Dental-TriageBench: Benchmarking Multimodal Reasoning for Hierarchical Dental Triage
New benchmark shows AI models lag behind junior dentists on complex, multi-domain dental triage decisions.
A research team led by Ziyi He has published Dental-TriageBench, the first expert-annotated benchmark designed to evaluate AI's ability to perform multimodal reasoning for hierarchical dental triage. Built from authentic outpatient workflows, the benchmark contains 246 de-identified clinical cases. Each case is annotated with expert-authored 'golden reasoning trajectories' and hierarchical triage labels, requiring models to integrate patient complaints with radiographic evidence (like OPG images) to determine complete referral plans.
The researchers benchmarked 19 proprietary, open-source, and medical-domain Multimodal Large Language Models (MLLMs) against a human baseline of three junior dentists. The results revealed a substantial human-model gap, particularly on fine-grained, treatment-level triage decisions. Further analysis showed that accurate triage requires both complaint and OPG information, and that model errors concentrate heavily on cases involving multiple referral domains.
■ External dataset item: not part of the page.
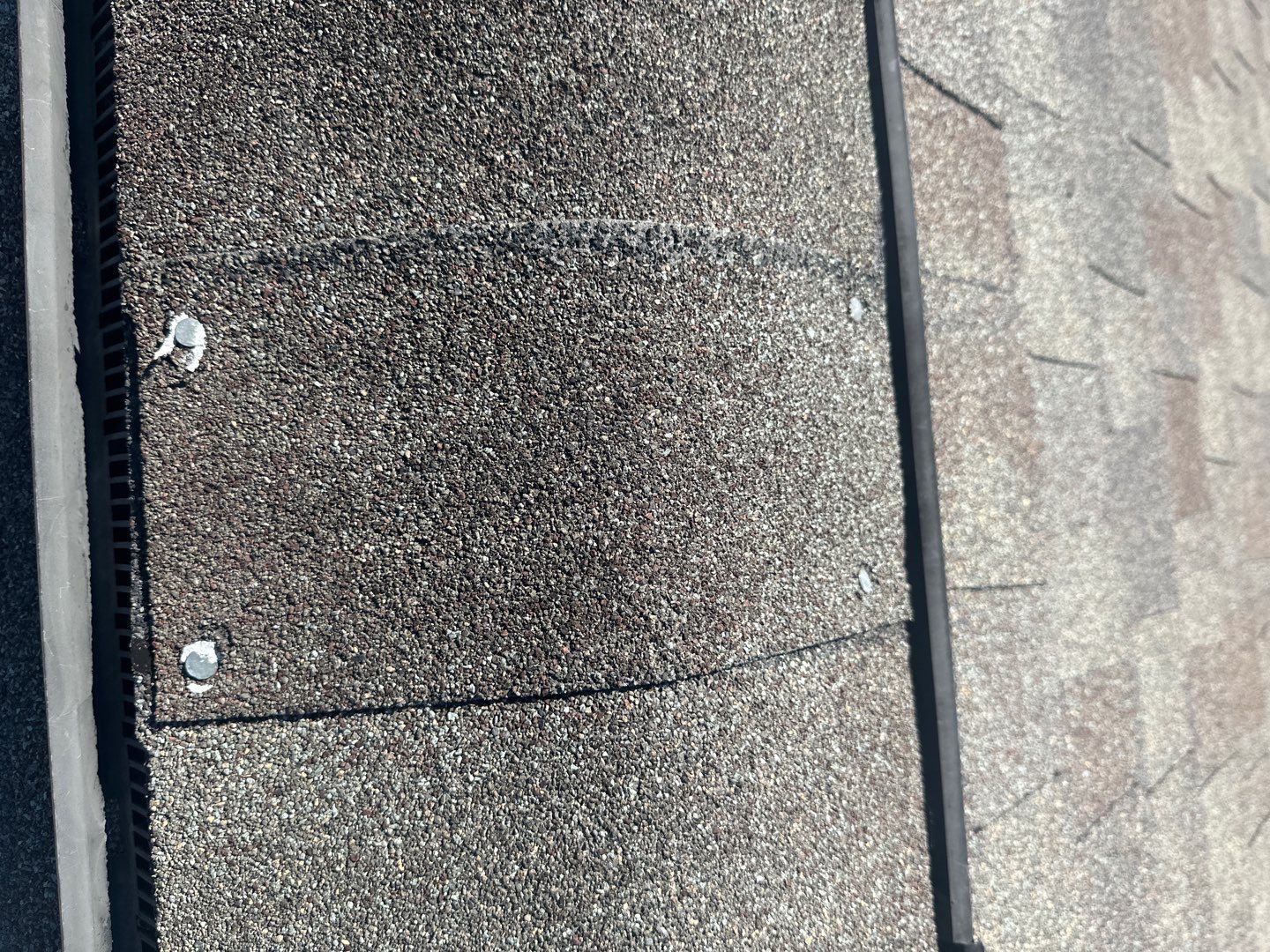 Residential Roofing Repair using Owen's Corning Duration (Lifetime) Shingles by Roof Repair Company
In these complex scenarios, MLLMs tend to produce overly narrow referral sets and make omission-heavy errors, failing to recommend the full scope of necessary specialist care.
Dental-TriageBench establishes a realistic, safety-critical testbed for developing clinical AI. It highlights that current models, despite their general capabilities, are not yet clinically grounded or coverage-aware enough for complex, real-world medical routing tasks. The benchmark's public availability aims to steer future AI development toward systems that are safer for downstream patient care by rigorously testing their reasoning on authentic clinical workflows.
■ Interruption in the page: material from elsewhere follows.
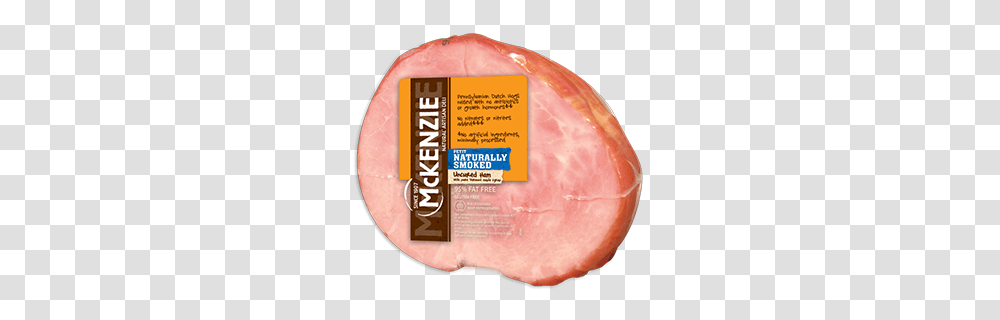 Mckenzie Natural Artisan Deli Artisan Dinner Ham, Pork, Food, Ketchup Transparent Png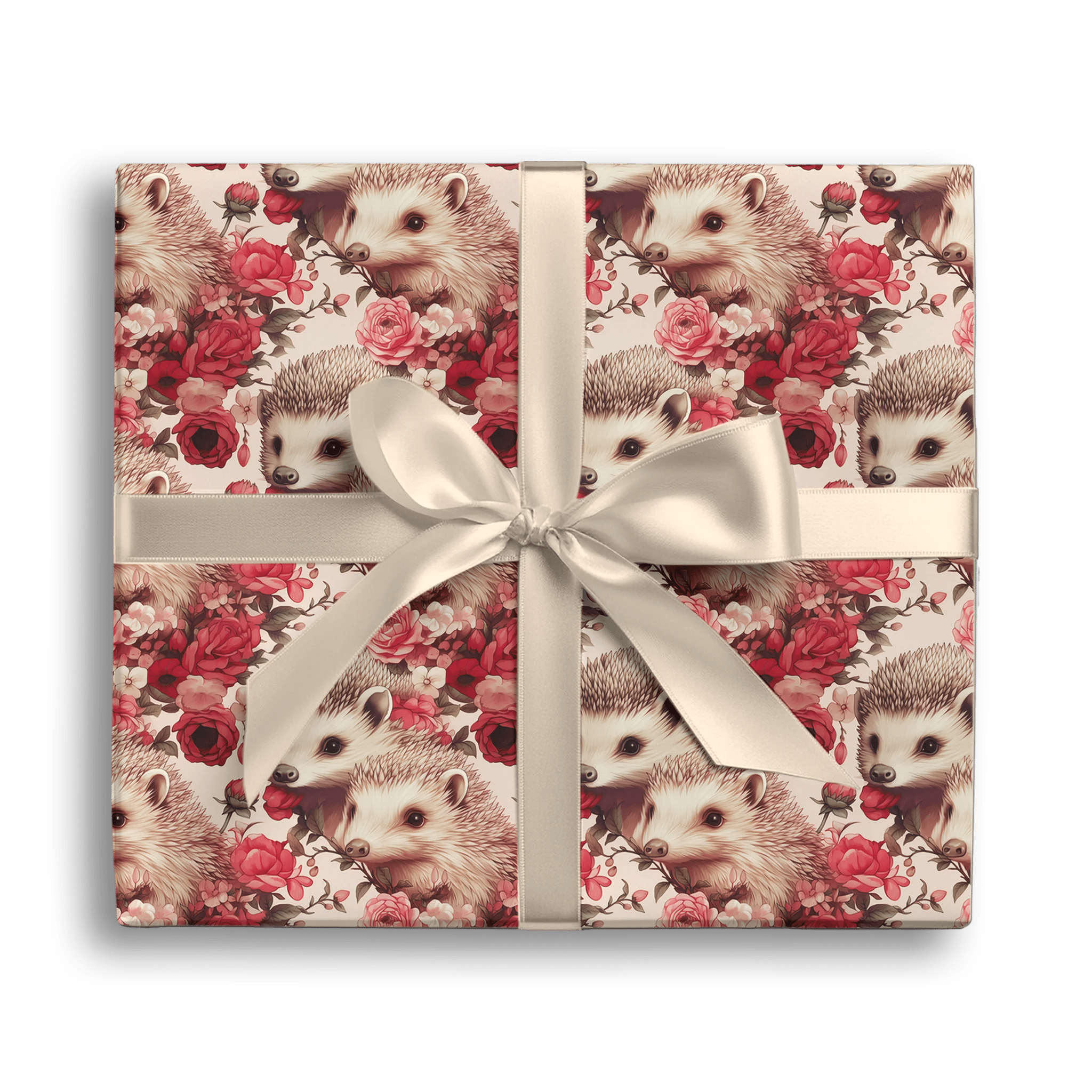 Tiny Bloom Friend Gift Wrapping Paper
- First expert-annotated benchmark for multimodal dental triage, built from 246 real outpatient cases with expert reasoning paths.
- Tested 19 MLLMs (like GPT-4, Claude, Med-PaLM) which showed a significant performance gap versus 3 junior dentists on complex referrals.
- Model errors concentrated on multi-domain cases, where AI produced narrow referral sets and omission errors, lacking clinical coverage.
Why It Matters
Highlights a critical safety gap in medical AI, pushing development toward more reliable, clinically-aware systems for complex diagnostic routing.